Node.js Crawler Error

I'm on Mac OSX and I've been trying to use Node.js with Crawler. Now i've just installed following steps as it instructed:

  • git clone git://github.com/ry/node.git
  • cd node
  • ./configure
  • make
  • sudo make install
  • curl http://npmjs.org/install.sh | sh
  • npm install crawler

As soon as i've installed the last one (Crawler), when i test run the test/simple.js as in its sample, i'm getting following errors:

The "sys" module is now called "util". It should have a similar interface.
http://jamendo.com/
http://tedxparis.com

/crawler/node_modules/crawler/lib/crawler.js:74
                        response.body = body;
                                      ^
TypeError: Cannot set property 'body' of undefined
    at Object.callback (/crawler/node_modules/crawler/lib/crawler.js:74:39)
    at Request._callback (/crawler/node_modules/crawler/lib/crawler.js:70:43)
    at /crawler/node_modules/crawler/node_modules/request/main.js:119:22
    at Request.<anonymous> (native)
    at Request.emit (events.js:67:17)
    at Object._onTimeout (/crawler/node_modules/crawler/node_modules/request/main.js:532:12)
    at Timer.ontimeout (timers.js:84:39)

This means the Crawler doesn't work yet.

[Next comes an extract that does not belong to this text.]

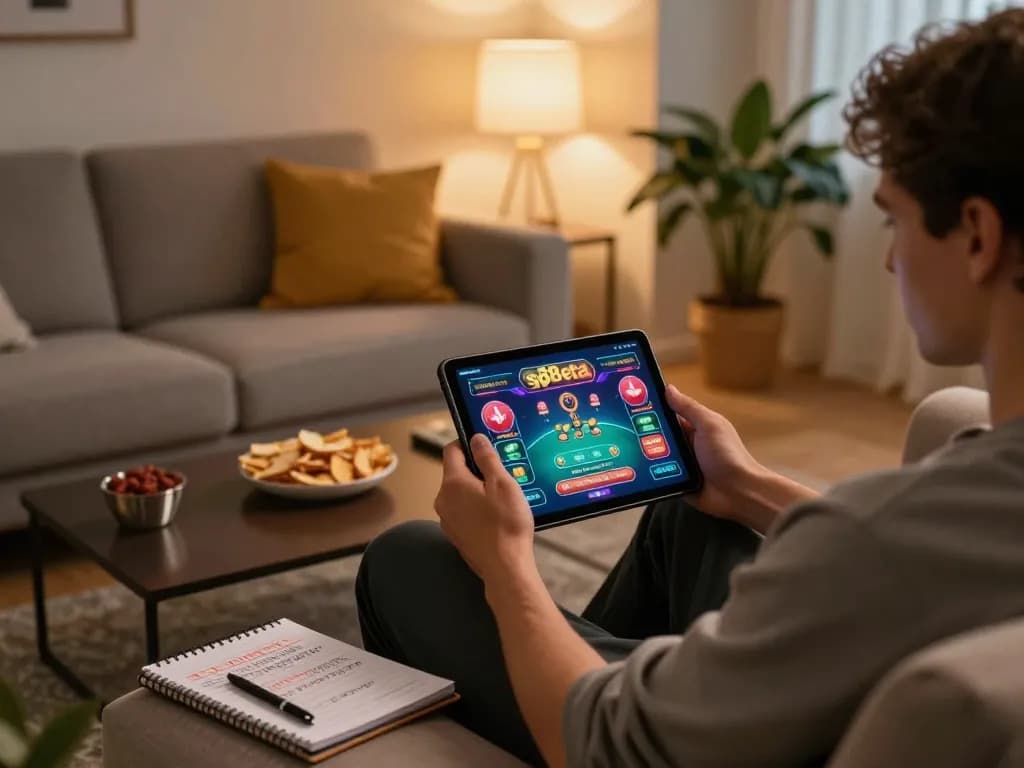 Player using the sp8beta app on a tablet in a cozy living room, emphasizing responsible gambling.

How can i fix it?

You have a few options:

  • Try a newer version of Crawler
  • Use an older version of Node
  • Use a different module (recommended, as Crawler is very out of date)
  • Fix Crawler yourself (and submit your patches!, but it seems nobody is maintaining this project anymore)

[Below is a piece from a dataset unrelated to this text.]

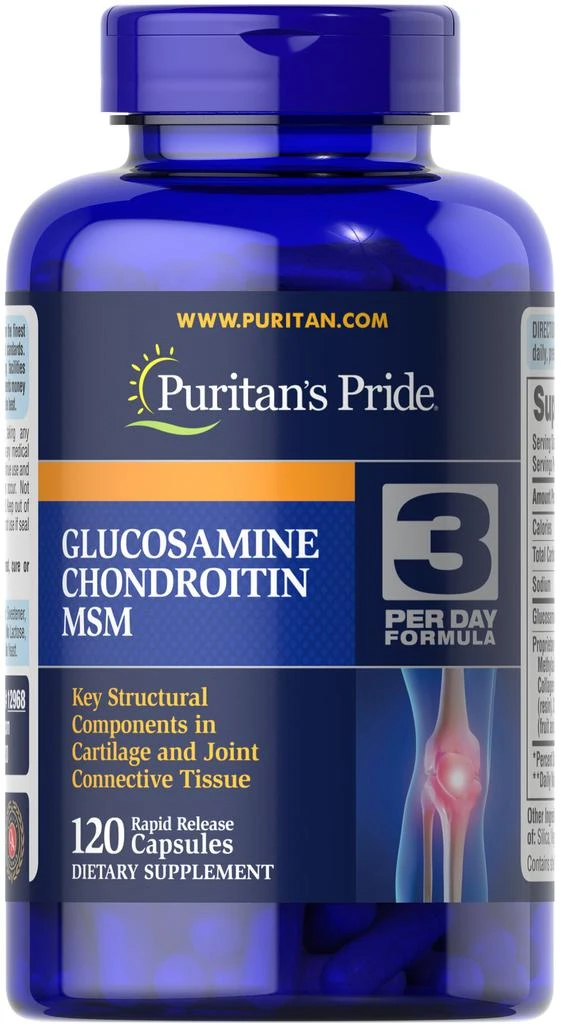商品Puritan's Pride|双倍氨糖软骨素 维骨力 MSM 120片/瓶 关节润骨素补钙 ,价格¥158-¥315,第1张图片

If this is just a one-time error, you can wrap the whole thing in a try/catch and handle it as needed.

I made couple fixes for you, let me know your feedback. https://github.com/eugenehp/node-crawler

You may also be interested in trying my Node Crawler (https://github.com/ecdeveloper/node-web-crawler). It's not a module but an independent web app. It uses Mongo, Express, Socket.io, Twitter bootstrap.